10. I think these are my non-football thoughts of the week:

a. Best wishes to the retiring Hal McCoy of the Dayton Daily News, one of the greatest baseball writers ever. Almost 30 years ago, I was a young pup covering the Cincinnati Reds and was privileged to learn much about the craft from McCoy. What really struck me about Hal was that he could go to work every single day for seven months and find something new and interesting at the same job. There's a great lesson for all of us right there.

b. I hit a deer on the highway out here in Colorado Saturday night. Crunched up the car pretty well. Killed the poor deer. Scared the living heck out of me. Quite an experience. I think my heart rate is back down to near normal now, but just barely.

c. I've never seen anything quite so violent in baseball as the line drive off pitcher Hiroki Kuroda's head Saturday night. I can't believe he's OK. After the second replay, I just couldn't watch it anymore.

d. Coffeenerdness: I've often sung the praises of Peet's Coffee. But the thing I've realized landing in San Francisco Friday and walking into the terminal was that part of the greatness of Peet's is the aroma of the espresso. It's like smelling the grass in baseball or the leather smell of the ball at the first football practice of the year. The aroma is part of the reason you love it.

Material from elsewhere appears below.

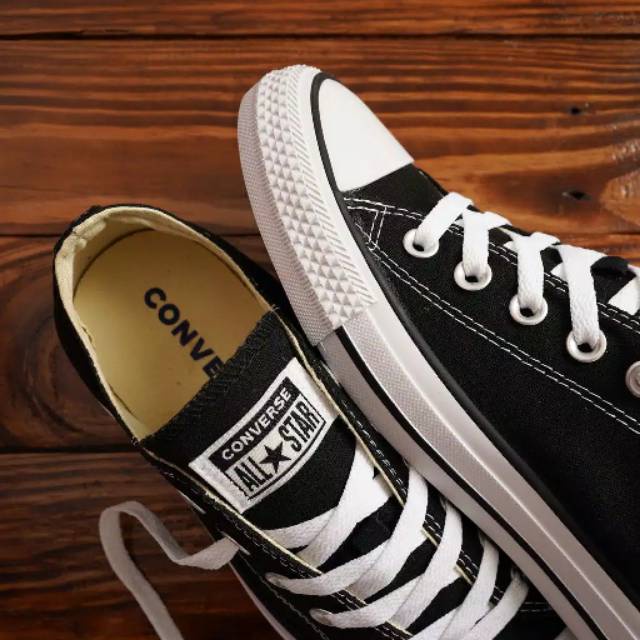 SEPATU SNEAKERS CASUAL PRIA WANITA CONVERSE_65 ALL STAR CLASSIC HITAM LOW TERMURAH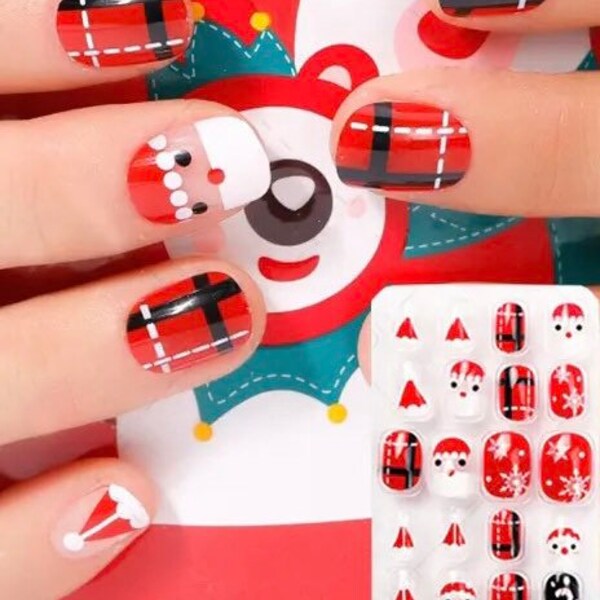 24Pcs Christmas Santa, Candy Cane and Snowflake Press on Children Nails, False Nail Tips, Kids Fake Nail Art, Little Girls Manicure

e. I've learned three things from my summer Tweetups. One: the football fan's appetite for information is absolutely voracious. Will Carroll and I spent three hours talking about everything football with fans in Indianapolis last Monday, and fans would have stayed three more hours if we'd let them. Two: The football fan is smart. Three: It's a heck of a lot of fun, and I'll be doing more of them. I hope to do one in or around Boston before the start of the season.

f. I have to get home. Today is Day 21 of my trip -- I'll see the Broncos practice this morning -- and after one lost rental car, one killed deer, one ridiculous hotel snafu, and way too much fun, I can't wait to sleep in my own bed tonight.